Saturday 28 June 2008

Keele Sociologist of the Week: Jane Parish

This is a(nother) new feature on our blog: we will be featuring a profile of staff members from the School of Sociology and Criminology from time to time. If you want to make contact with them - perhaps to enquire about their publications, research or opportunities for study of PhD supervision, then just click through the link on their name to their Keele homepage. This week:

Dr Jane Parish

Jane is by training, a sociologist and anthropologist. She did her PhD in Ghana, studying beliefs and practices on witchcraft, luck and risk among the Akan. Like most anthropologists, she feels that unless you've had at least one bout of malaria, you're not doing 'proper' anthropology. But these days she does her research a bit closer to home. She recently published a paper on 'lucky objects' collected and used in Bingo halls in the UK. This carries on her interest in the everyday use of ideas of luck and fate, which are all around us. As she says: " in contemporary Britain, everyday objects become heavily ritualized by people in order that they might seek explanations and answers for ‘the inexplicable’. Whether, as Reith (1999) notes, we avoid cracks in the pavement or, like Rousseau, engage in stone-throwing, determining if life will go well according to whether we hit a tree or another designated spot, the completion of the ritual is linked to the outcome of the game." This notion - of having some control over ones future by using ritual objects - seems like a relic of the past.
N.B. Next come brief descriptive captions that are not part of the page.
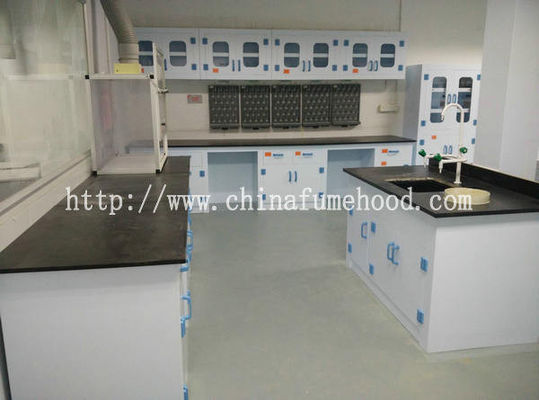 Bon prix meubles de laboratoire de chimie de plan de travail de 8mm, Tableau matériel d'île de pp pour le laboratoire en ligne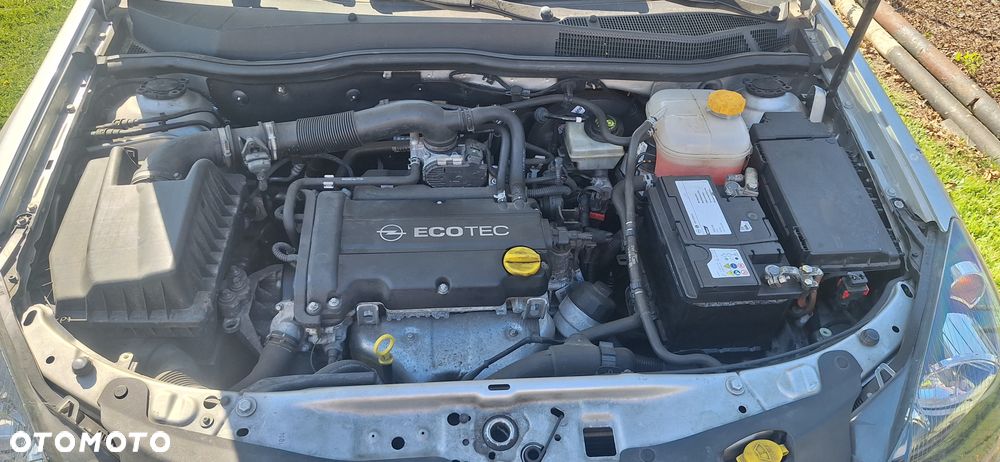Opel Astra 1.4 Enjoy - 11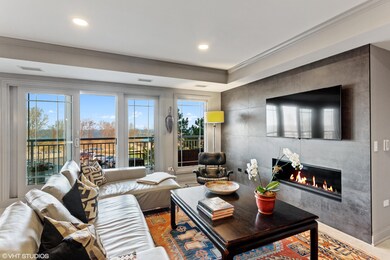03_200LakeSt_Unit4C_165_LivingRoom_HiRes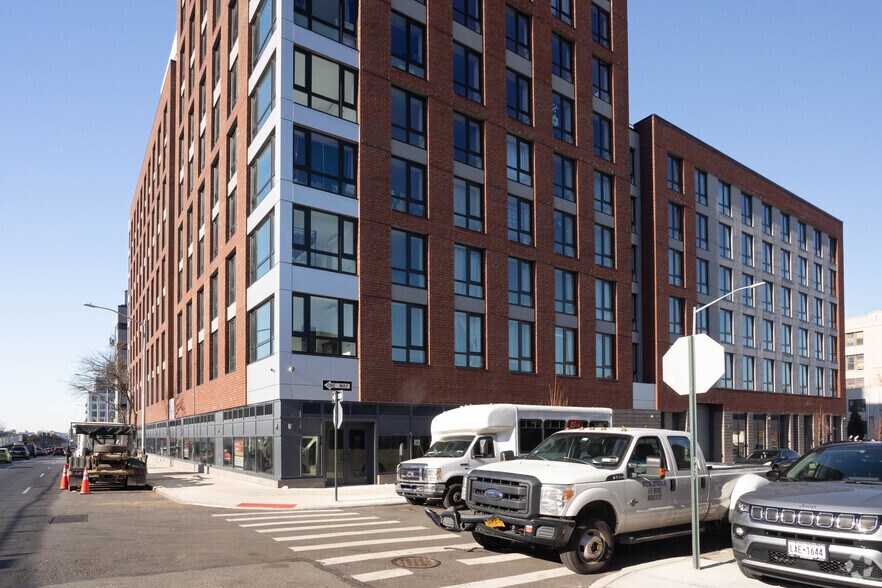 More Photos Of 1921 Atlantic Ave, Brooklyn Apartments For Lease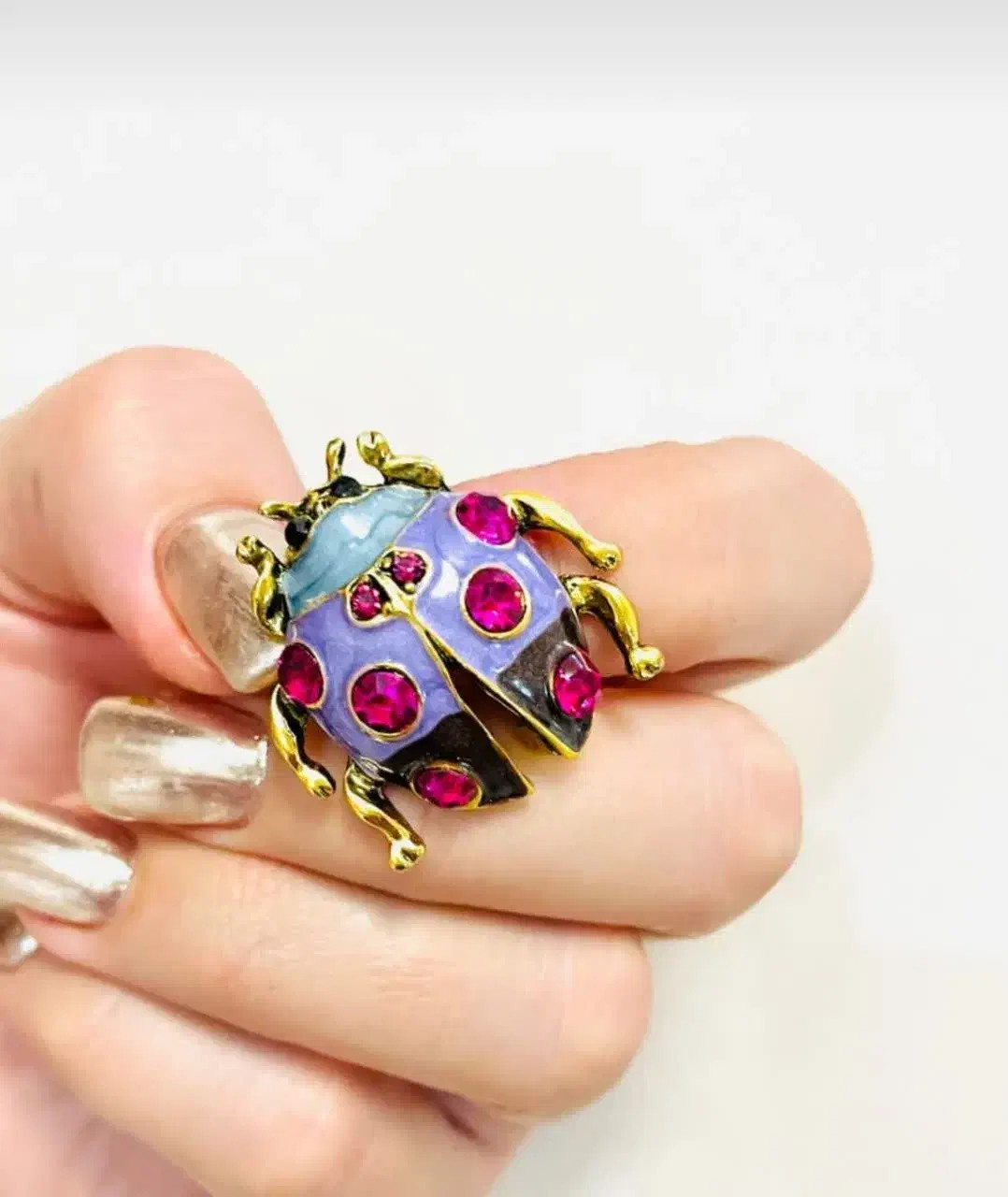 سنجاق سینه هایی زیبا برای مادران و همسران شما|بدلیجات|اصفهان, سپاهانشهر|دیوار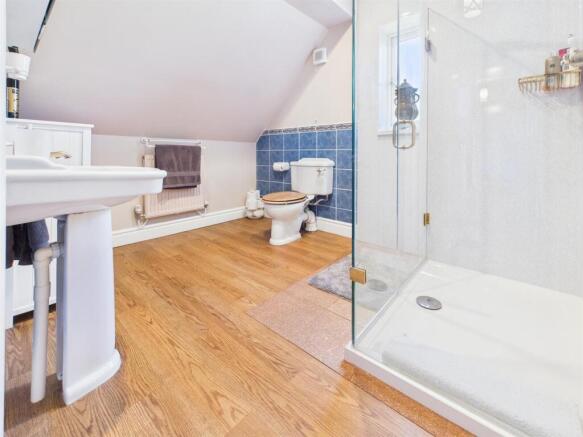 FAMILY SHOWER ROOM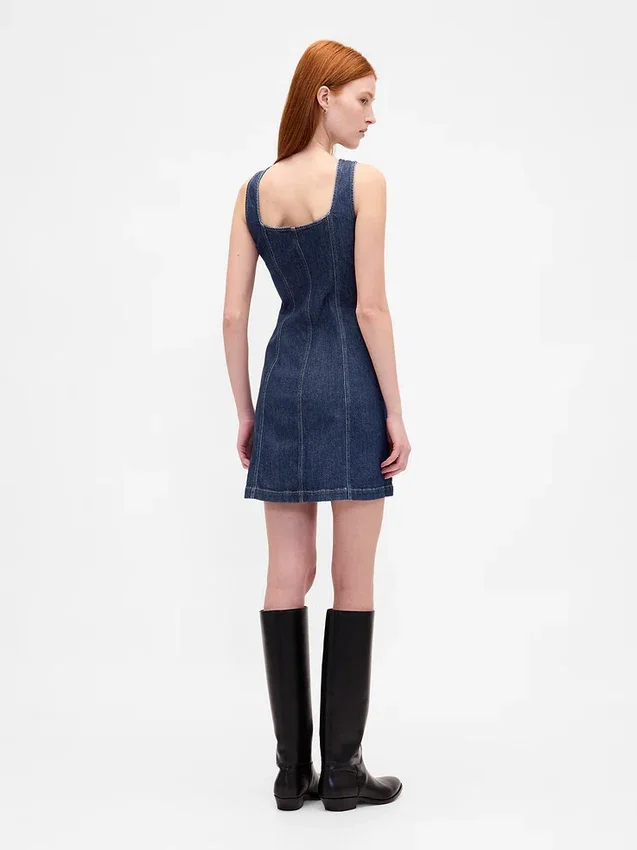 Vestido mini de mezclilla con costuras y botones al frente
Jane's work however, shows just how central the ritual object can be, even in our complex, global consumer society. Indeed, she suggests, it is because our society is so complex and rife with risk and anxiety that we must rely on such 'whimsies' and 'touching for luck'.

Jane teaches modules on Risk and Anxiety, Witchcraft and will be contributing to new modules and Masters programmes on Urban Futures. She welcomes PhD applications in any of her areas of specialism, particularly anthropology (at home or abroad) and sociology of risk, anxiety, luck and gambling.